In his lawsuit, Musin says he was fired from MSTS in 2019 after being demoted from his CFO role in 2018 because he would not cover up alleged financial impropriety by MSTS CEO Mark Martinez. Musin alleged Martinez wanted to collect compensation for himself and John Benner, an MSTS vice president, before either was eligible to do so, and that Martinez wanted to conceal some of MSTS’ financial results from the company’s board.
To support his claim that MSTS is covered by Sarbanes Oxley, the landmark anti-corruption act Congress passed after the Enron accounting scandal of 2001, Musin cited MSTS’ corporate governance, pointing out that Honewell, Jacobs and HII executives all sit on the contractor’s board of directors, “creating an affiliated company relationship between MSTS and its Publicly Traded owner’s organizations.”

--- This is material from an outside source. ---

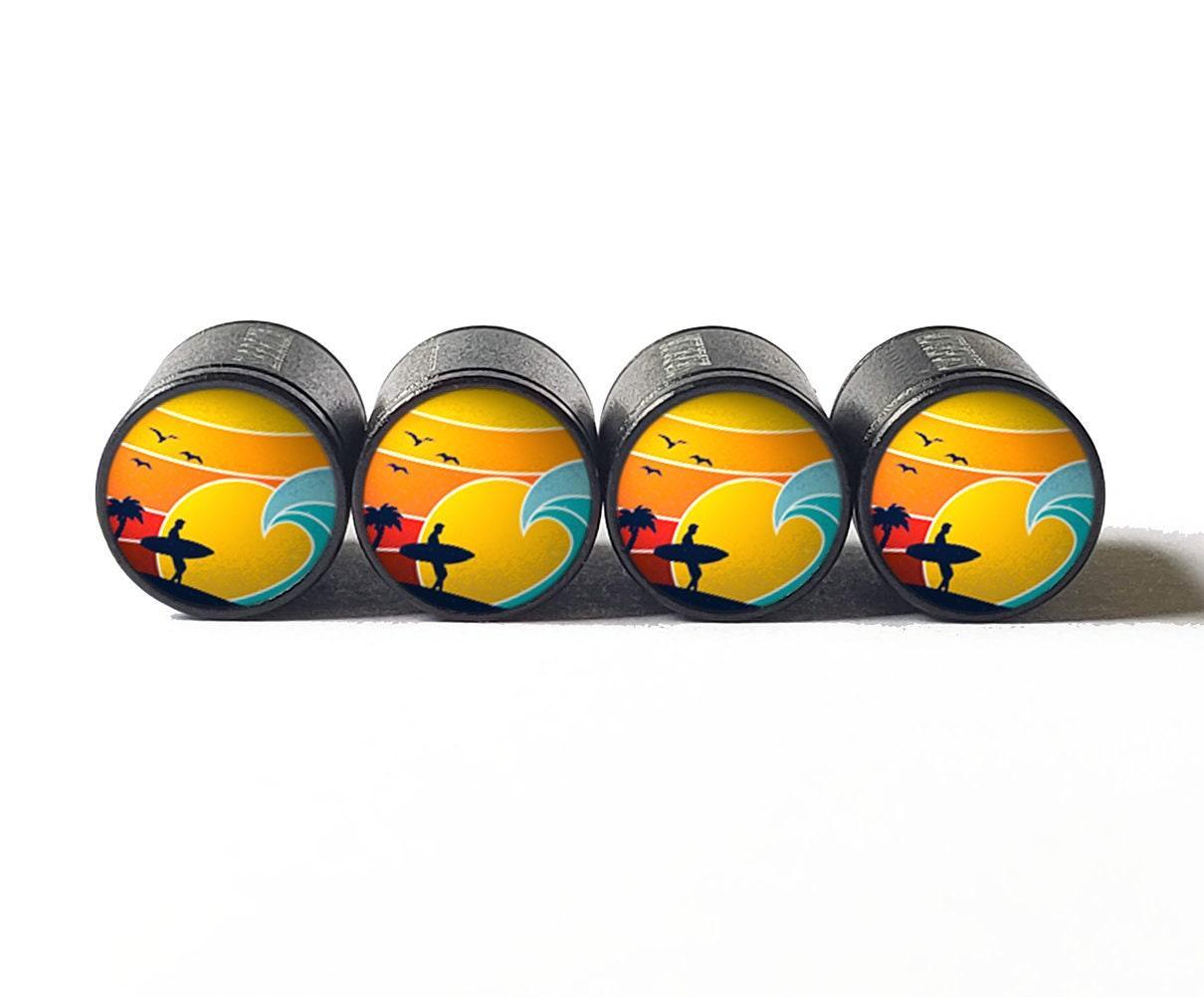 Surfer Guy and Beach Sunset Tire Valve Caps - Aluminum - Set of Four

Musin also said, in his amended complaint, that MSTS’ contract with the National Nuclear Security Administration explicitly describes the parent companies as “corporate affiliates of MSTS,” and that MSTS revenue does indeed show up on the companies’ consolidated financial statements — one of the thresholds for determining whether Sarbanes Oxley protections apply.
According to Musin’s complaint, Honewell owns 40% of MSTS, while Jacobs and HII respectively own stakes of 37% and 23%. “Any ownership interest greater than 10% is considered to be an ‘affiliate,’” the complaint says, citing federal law.
MSTS and Martinez had not filed a response to the amended complaint at deadline Tuesday for Weapons Complex Morning Briefing. They had previously argued that MSTS was not subject to Sarbanes Oxley protections because, among other things, the privately held company is a contractor to the government, and not to a publicly traded company.